■ **TASK OBJECTIVE**
Give back the full listing exactly, setting the pictures aside.

■ **SOURCE MATERIAL**
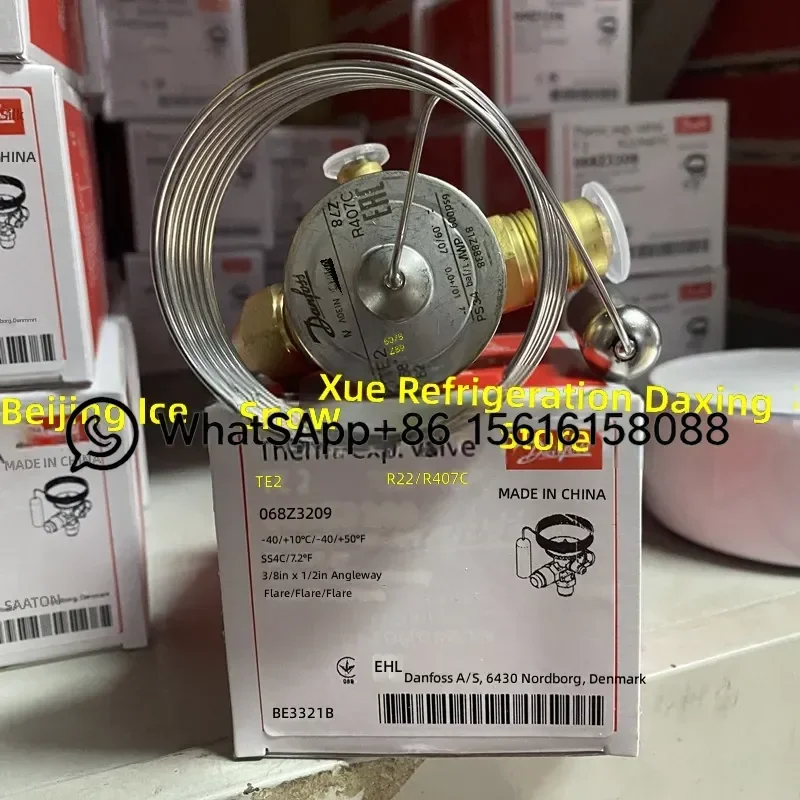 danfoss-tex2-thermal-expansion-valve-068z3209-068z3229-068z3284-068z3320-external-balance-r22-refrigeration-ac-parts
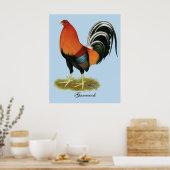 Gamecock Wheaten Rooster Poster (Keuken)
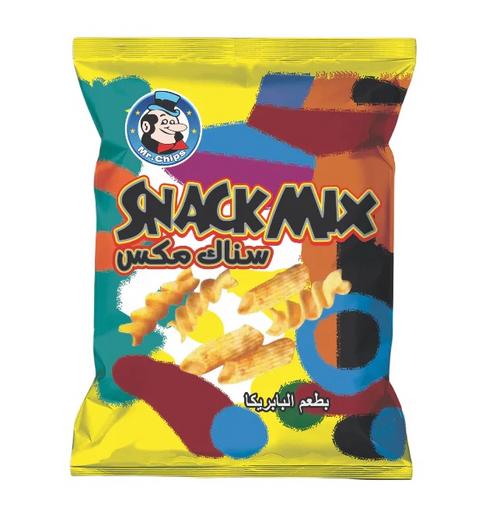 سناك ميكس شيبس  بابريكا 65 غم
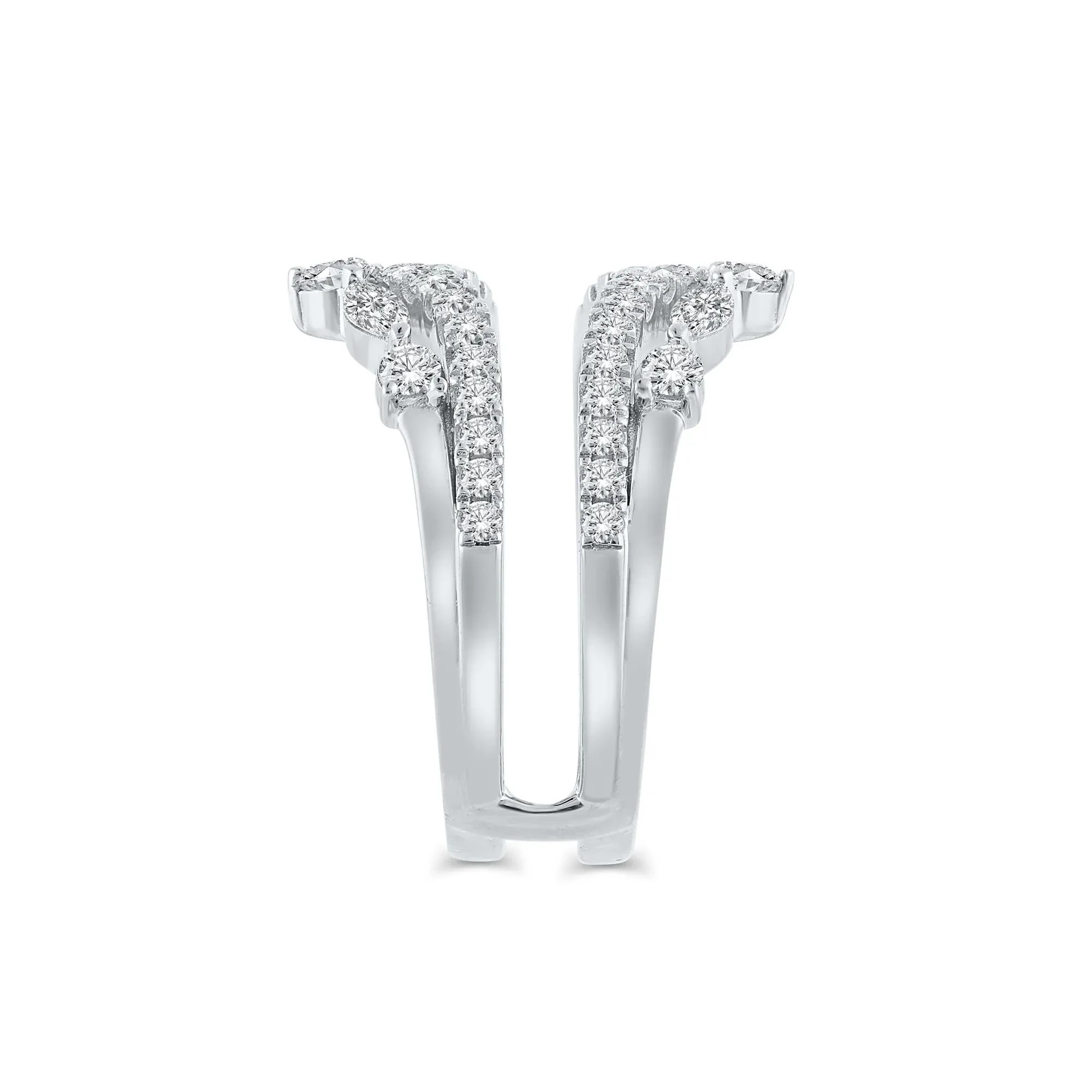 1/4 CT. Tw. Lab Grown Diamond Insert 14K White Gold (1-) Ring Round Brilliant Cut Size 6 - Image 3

■ **WRITTEN RESPONSE**
 danfoss-tex2-thermal-expansion-valve-068z3209-068z3229-068z3284-068z3320-external-balance-r22-refrigeration-ac-parts
 Gamecock Wheaten Rooster Poster (Keuken)
 سناك ميكس شيبس  بابريكا 65 غم
 1/4 CT. Tw. Lab Grown Diamond Insert 14K White Gold (1-) Ring Round Brilliant Cut Size 6 - Image 3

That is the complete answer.